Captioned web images
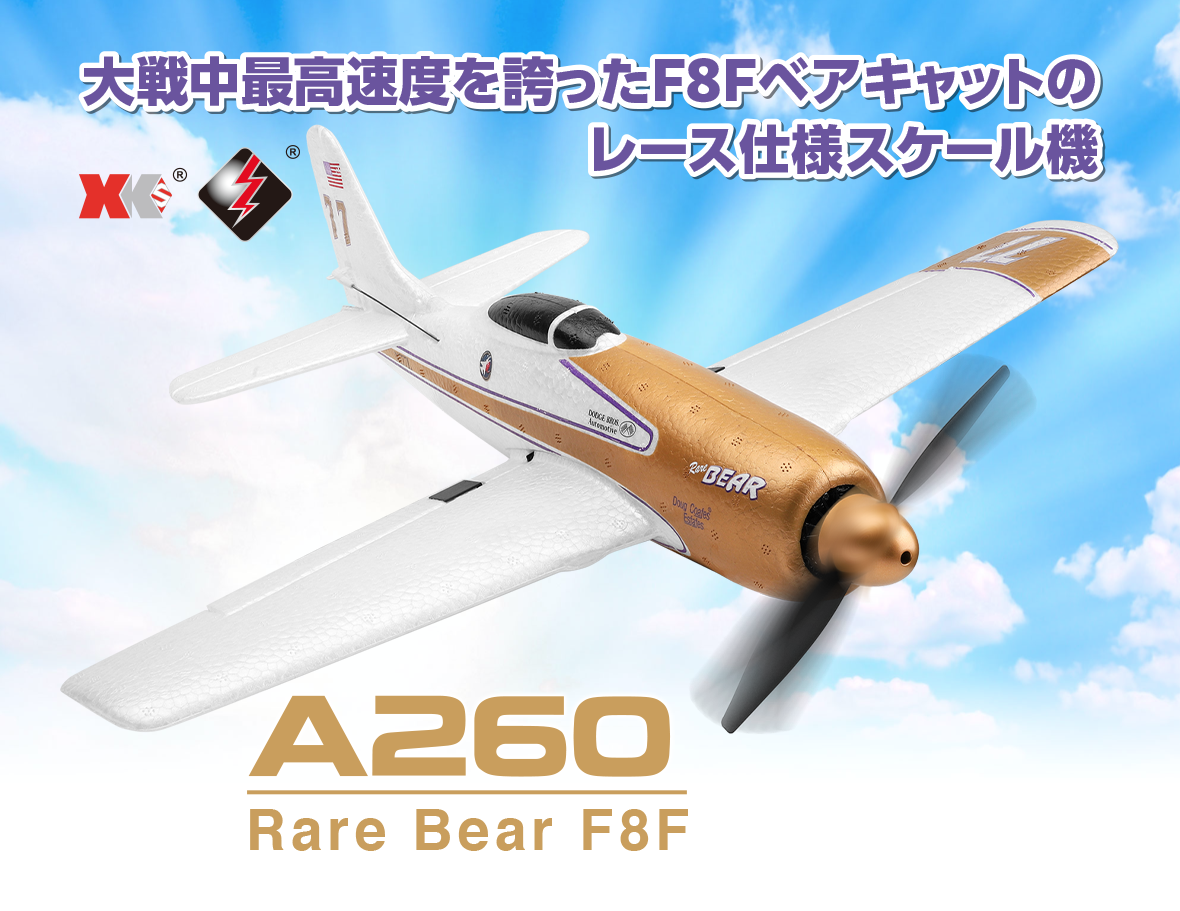 2.4GHz エアープレーン A260 Rare Bear F8F ［ A260 レアベア F
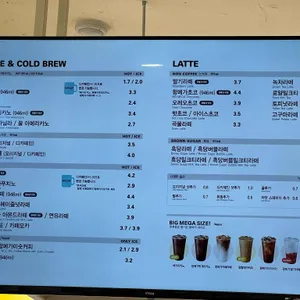 메가MGC커피 리뷰 사진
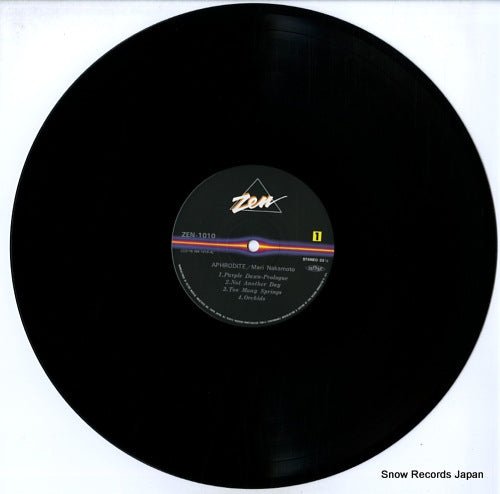 ZEN-1010 disc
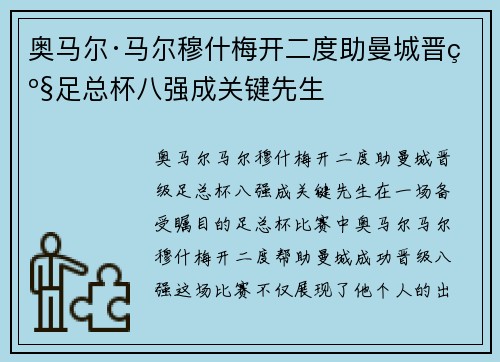 奥马尔·马尔穆什梅开二度助曼城晋级足总杯八强成关键先生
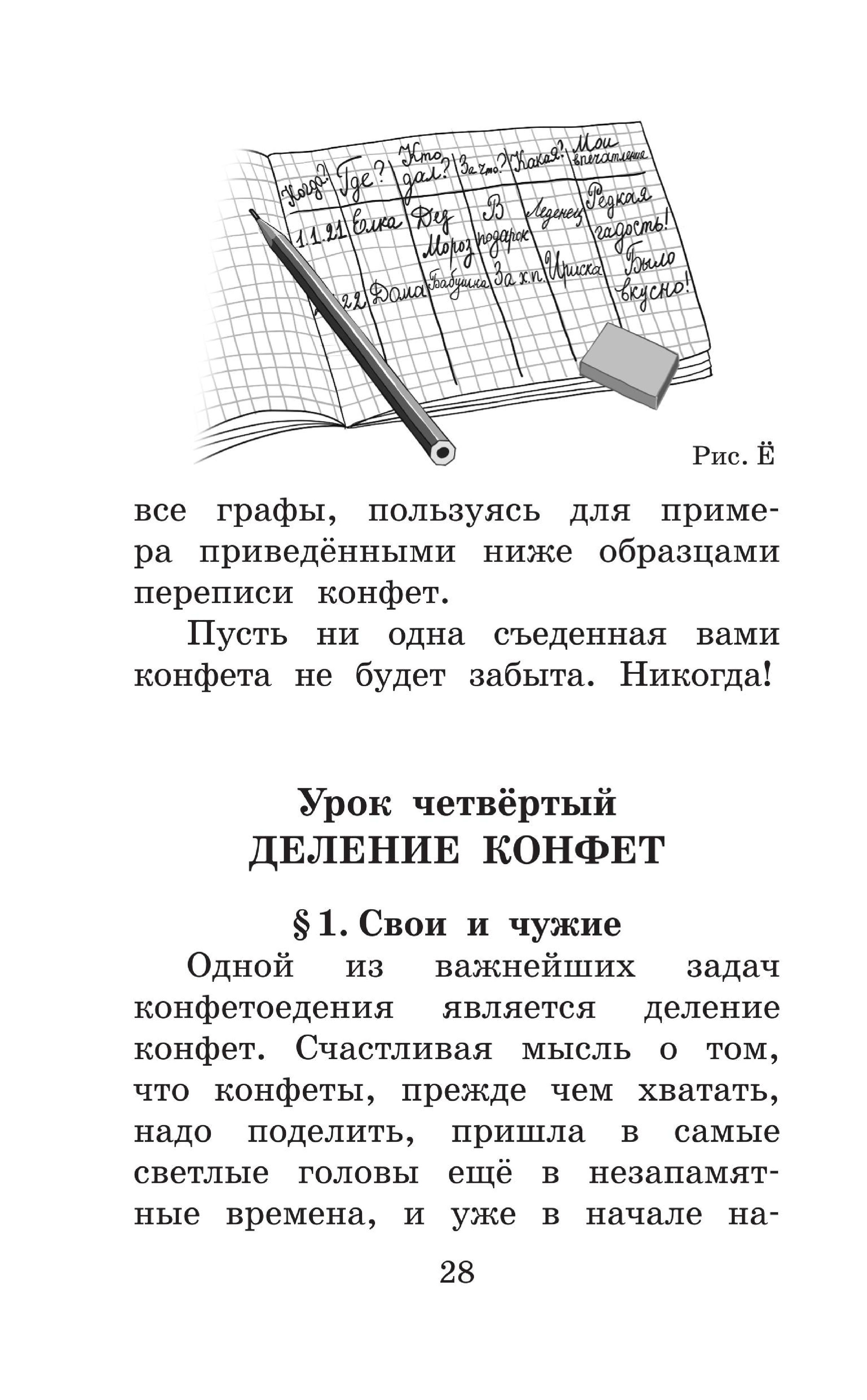 Остер Григорий Бенционович Конфетоедение. Веселые науки - страница 3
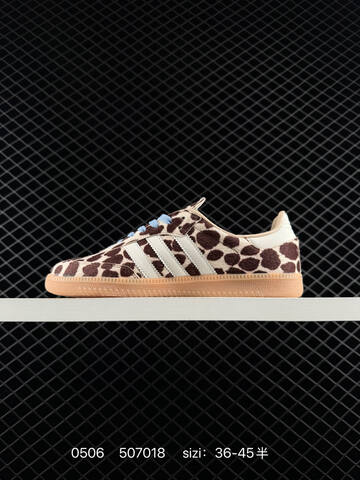 Adidas Originals Samba KI6669 36 36 5 37 38 38 5 39 40 Lifestyle - Unisex (BS-75739)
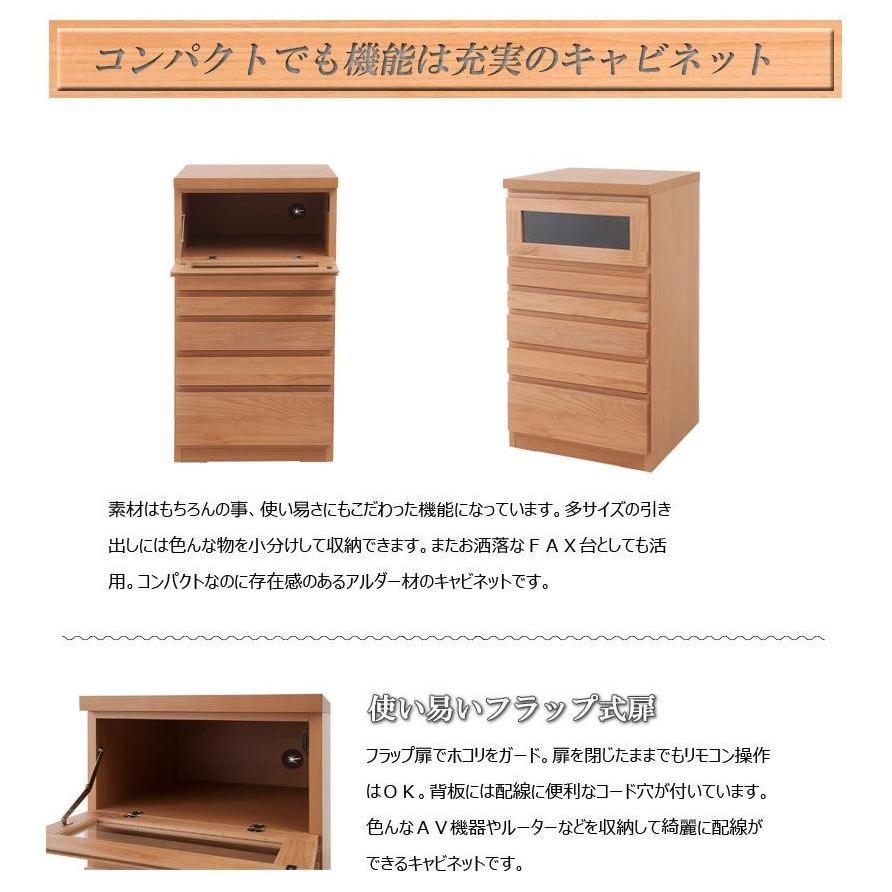 キャビネット 木製 おしゃれ 北欧 引き出し プラップ扉 リビング収納 デスクサイド 収納棚 幅45cm 隙間収納_5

== ABOUT THIS TASK ==
Print, exactly and without pictures, the lines from the one holding "ZEN-1010 disc" through the last line of the entries above, both included.

== FINISHED EXERCISE ==
 ZEN-1010 disc
 奥马尔·马尔穆什梅开二度助曼城晋级足总杯八强成关键先生
 Остер Григорий Бенционович Конфетоедение. Веселые науки - страница 3
 Adidas Originals Samba KI6669 36 36 5 37 38 38 5 39 40 Lifestyle - Unisex (BS-75739)
 キャビネット 木製 おしゃれ 北欧 引き出し プラップ扉 リビング収納 デスクサイド 収納棚 幅45cm 隙間収納_5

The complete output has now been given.